Social Conscience Means Good Business

Deep in the Laotian countryside a village chief has good things to say about a large Nordic forest company. In a short film produced by Stora Enso he tells how experts hired by the company dig up unexploded bombs that had been dropped from US planes.
The bombs date back to the Vietnam War, when the United States tried to disrupt supply routes of the communists which ran through Laos.
When the explosives are dismantled, the villagers can grow rice again. The harmonious imagery is crowned by children dancing behind their village chief.
Next to the rice fields there are eucalyptus trees belonging to the forest company. The film shows that it is possible to grow rice and trees side by side.
Should this film, which was produced by the Stora Enso communications department, be believed?
Stora Enso wants to take activities similar to what it is doing in Laos to tropical areas of Brazil, China, and Uruguay.
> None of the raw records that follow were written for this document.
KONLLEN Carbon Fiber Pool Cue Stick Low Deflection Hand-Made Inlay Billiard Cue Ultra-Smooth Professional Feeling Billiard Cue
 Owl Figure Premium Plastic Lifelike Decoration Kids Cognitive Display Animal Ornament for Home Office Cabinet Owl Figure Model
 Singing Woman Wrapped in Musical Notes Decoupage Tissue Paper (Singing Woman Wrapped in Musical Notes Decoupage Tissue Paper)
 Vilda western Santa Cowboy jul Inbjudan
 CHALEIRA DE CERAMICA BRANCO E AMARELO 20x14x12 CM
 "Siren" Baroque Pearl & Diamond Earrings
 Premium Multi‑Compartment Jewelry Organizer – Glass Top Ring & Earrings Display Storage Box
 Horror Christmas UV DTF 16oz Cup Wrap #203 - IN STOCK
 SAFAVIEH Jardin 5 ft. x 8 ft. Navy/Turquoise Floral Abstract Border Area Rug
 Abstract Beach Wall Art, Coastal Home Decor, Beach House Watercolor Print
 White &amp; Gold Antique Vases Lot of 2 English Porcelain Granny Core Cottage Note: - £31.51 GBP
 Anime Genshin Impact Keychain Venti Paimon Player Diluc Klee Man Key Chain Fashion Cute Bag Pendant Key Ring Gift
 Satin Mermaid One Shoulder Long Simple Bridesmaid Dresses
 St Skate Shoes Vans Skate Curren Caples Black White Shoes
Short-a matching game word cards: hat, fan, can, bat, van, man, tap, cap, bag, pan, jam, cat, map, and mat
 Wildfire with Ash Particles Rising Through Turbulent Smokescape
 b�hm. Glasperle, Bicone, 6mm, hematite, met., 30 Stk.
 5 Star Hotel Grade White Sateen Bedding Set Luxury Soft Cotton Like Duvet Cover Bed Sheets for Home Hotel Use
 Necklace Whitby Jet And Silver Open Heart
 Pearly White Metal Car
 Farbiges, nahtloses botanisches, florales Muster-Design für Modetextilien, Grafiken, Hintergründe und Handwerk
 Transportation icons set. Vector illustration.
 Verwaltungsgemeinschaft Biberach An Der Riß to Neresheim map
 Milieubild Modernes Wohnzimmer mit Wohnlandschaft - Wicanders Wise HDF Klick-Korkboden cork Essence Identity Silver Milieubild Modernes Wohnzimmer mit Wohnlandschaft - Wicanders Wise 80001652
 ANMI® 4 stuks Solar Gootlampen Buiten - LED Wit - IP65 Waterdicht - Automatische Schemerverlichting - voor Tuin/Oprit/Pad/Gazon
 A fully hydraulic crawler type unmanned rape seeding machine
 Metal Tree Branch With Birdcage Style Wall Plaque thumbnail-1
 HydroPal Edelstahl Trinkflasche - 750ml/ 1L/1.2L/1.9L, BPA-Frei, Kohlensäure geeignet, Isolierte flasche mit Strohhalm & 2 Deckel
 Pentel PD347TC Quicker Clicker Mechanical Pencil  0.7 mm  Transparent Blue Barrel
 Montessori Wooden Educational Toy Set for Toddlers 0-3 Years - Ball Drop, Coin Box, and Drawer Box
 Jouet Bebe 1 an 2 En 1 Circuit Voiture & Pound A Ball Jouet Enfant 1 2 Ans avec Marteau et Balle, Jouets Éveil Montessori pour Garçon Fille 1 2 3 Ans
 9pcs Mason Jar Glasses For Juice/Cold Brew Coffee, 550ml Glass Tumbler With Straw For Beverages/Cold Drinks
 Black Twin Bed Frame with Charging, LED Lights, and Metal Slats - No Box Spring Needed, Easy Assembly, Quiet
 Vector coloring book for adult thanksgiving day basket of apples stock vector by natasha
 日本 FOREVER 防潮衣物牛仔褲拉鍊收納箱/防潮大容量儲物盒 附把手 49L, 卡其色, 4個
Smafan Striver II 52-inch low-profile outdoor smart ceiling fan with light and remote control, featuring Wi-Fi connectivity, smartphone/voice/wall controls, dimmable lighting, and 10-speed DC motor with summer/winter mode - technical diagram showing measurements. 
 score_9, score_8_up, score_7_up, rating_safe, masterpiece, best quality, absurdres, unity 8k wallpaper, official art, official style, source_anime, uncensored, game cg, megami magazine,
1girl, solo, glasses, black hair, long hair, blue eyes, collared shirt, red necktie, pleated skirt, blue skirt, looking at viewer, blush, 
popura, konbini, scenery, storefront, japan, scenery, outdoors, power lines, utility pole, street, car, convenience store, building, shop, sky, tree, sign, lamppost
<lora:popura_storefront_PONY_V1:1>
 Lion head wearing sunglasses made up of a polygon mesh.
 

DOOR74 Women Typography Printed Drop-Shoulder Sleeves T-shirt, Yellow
In these countries pulp is the common denominator, whose raw materials are harvested from fields of trees.
Land is coveted by millions of poor people who need to grow crops to feed their families. That is why disputes easily occur, and a wealthy Nordic forest company is an easy target.
Even if a company were to win a land dispute in court, the sympathies of the public at large easily gravitate toward local farmers and environmental organizations. This, in turn, affects attitudes in the main market of the clients in Europe.
Stora Enso CEO Jouko Karvinen feels that reputation matters, even though the company has fairly little to do with the end-users.
“People and especially the young generation are interested in the environmental and social responsibility of a company. For instance, in disputes in Northern Lapland, our customers received critical letters from Greenpeace. When the matters were settled, the messages became positive”, Karvinen says.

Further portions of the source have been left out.